▶ **Action item**: Below, locate the line that contains "Azazie Princess Flower". Repeat exactly from that line to the line that contains "XE7B8S Missouri License Plate", inclusive, leaving out the pictures.

***** Data extract *****

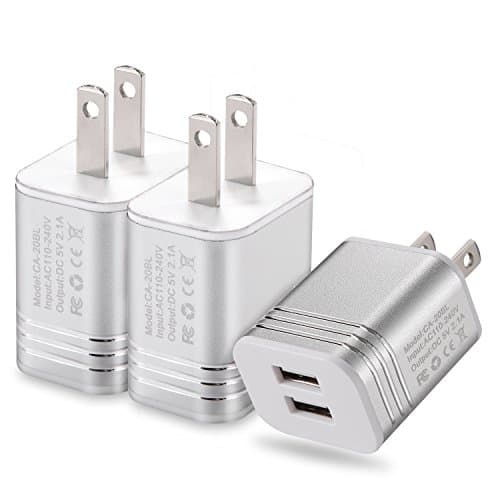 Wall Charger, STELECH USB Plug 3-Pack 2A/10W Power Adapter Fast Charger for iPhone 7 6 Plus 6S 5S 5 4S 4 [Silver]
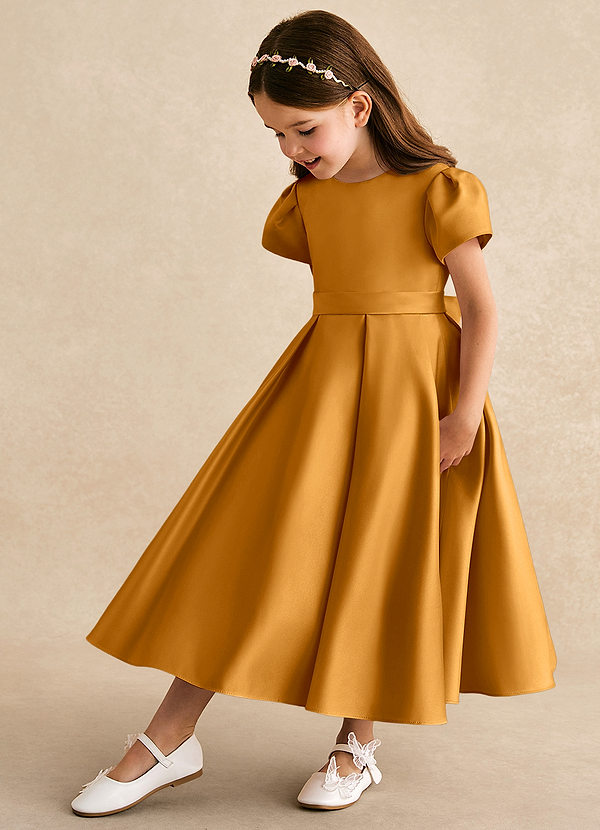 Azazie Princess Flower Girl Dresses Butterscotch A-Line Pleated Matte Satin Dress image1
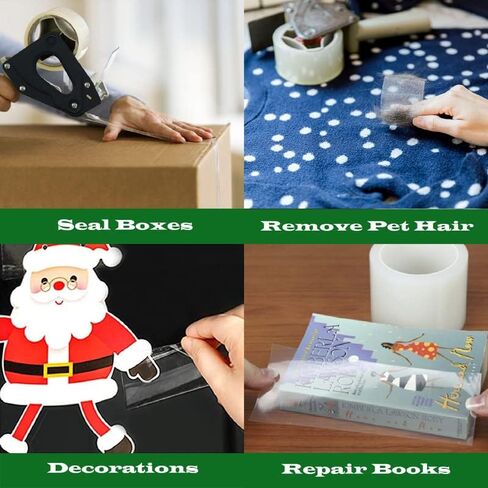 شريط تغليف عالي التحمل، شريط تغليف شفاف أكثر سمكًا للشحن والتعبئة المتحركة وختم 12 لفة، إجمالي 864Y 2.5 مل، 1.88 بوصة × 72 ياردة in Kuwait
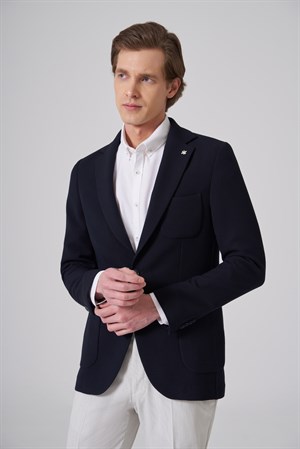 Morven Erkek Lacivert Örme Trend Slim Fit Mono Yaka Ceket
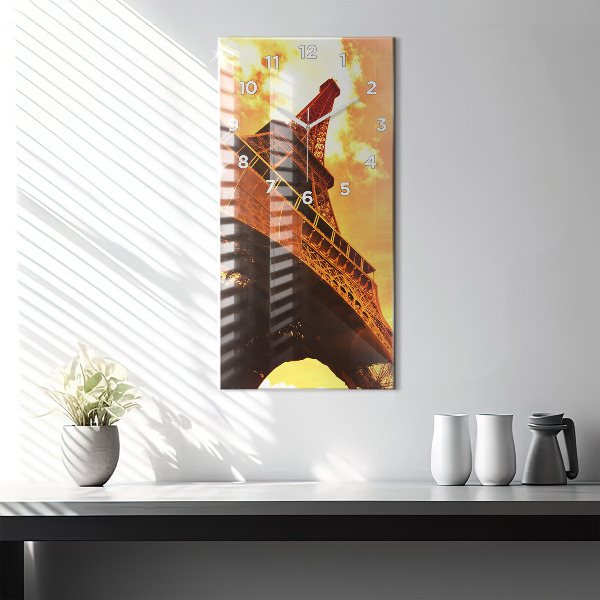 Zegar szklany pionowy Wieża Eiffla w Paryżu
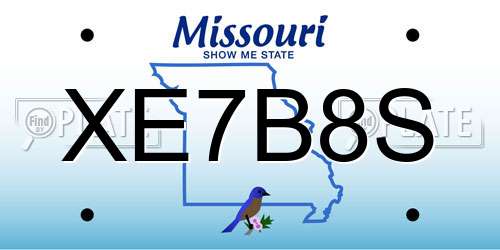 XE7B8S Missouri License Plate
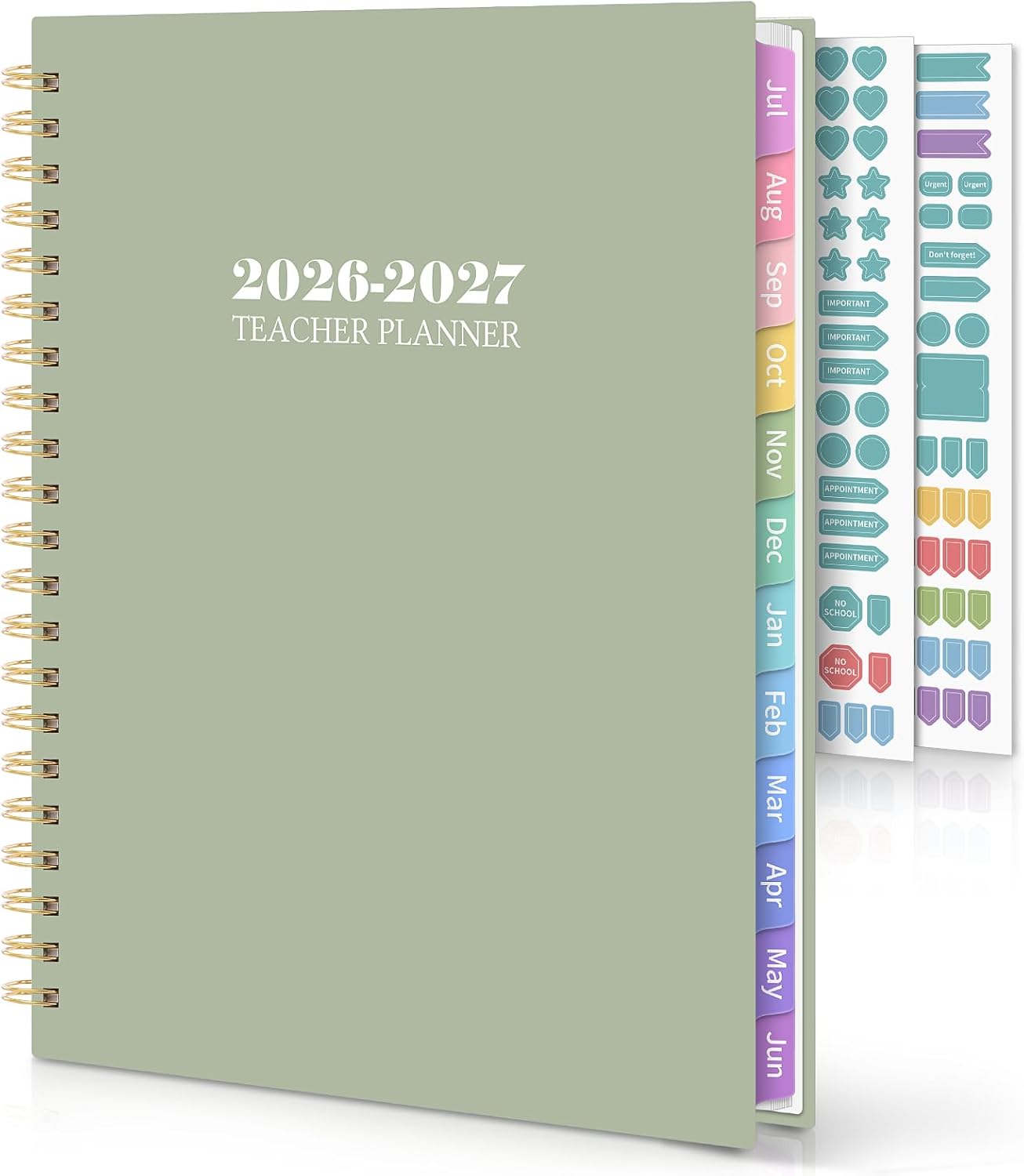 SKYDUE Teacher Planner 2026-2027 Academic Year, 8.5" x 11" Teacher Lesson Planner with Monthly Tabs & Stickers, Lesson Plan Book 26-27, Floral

*****
***** Data extract *****

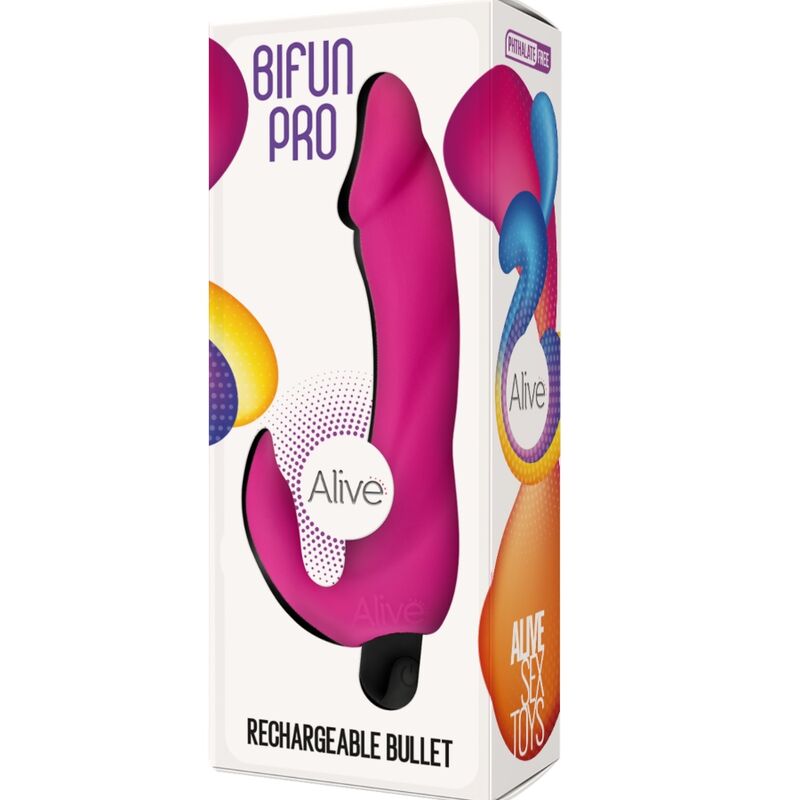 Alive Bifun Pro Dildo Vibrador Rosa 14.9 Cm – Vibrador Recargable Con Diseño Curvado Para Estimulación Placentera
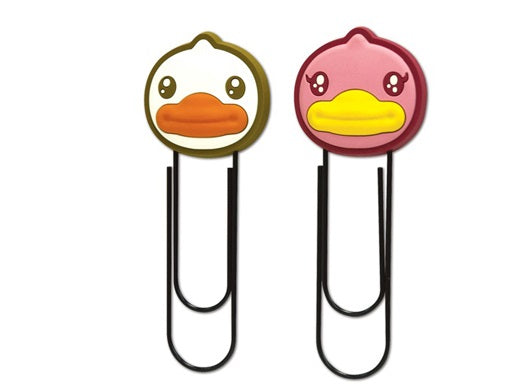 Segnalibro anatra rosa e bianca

*****

▶ **Solved exercise**:
 Azazie Princess Flower Girl Dresses Butterscotch A-Line Pleated Matte Satin Dress image1
 شريط تغليف عالي التحمل، شريط تغليف شفاف أكثر سمكًا للشحن والتعبئة المتحركة وختم 12 لفة، إجمالي 864Y 2.5 مل، 1.88 بوصة × 72 ياردة in Kuwait
 Morven Erkek Lacivert Örme Trend Slim Fit Mono Yaka Ceket
 Zegar szklany pionowy Wieża Eiffla w Paryżu
 XE7B8S Missouri License Plate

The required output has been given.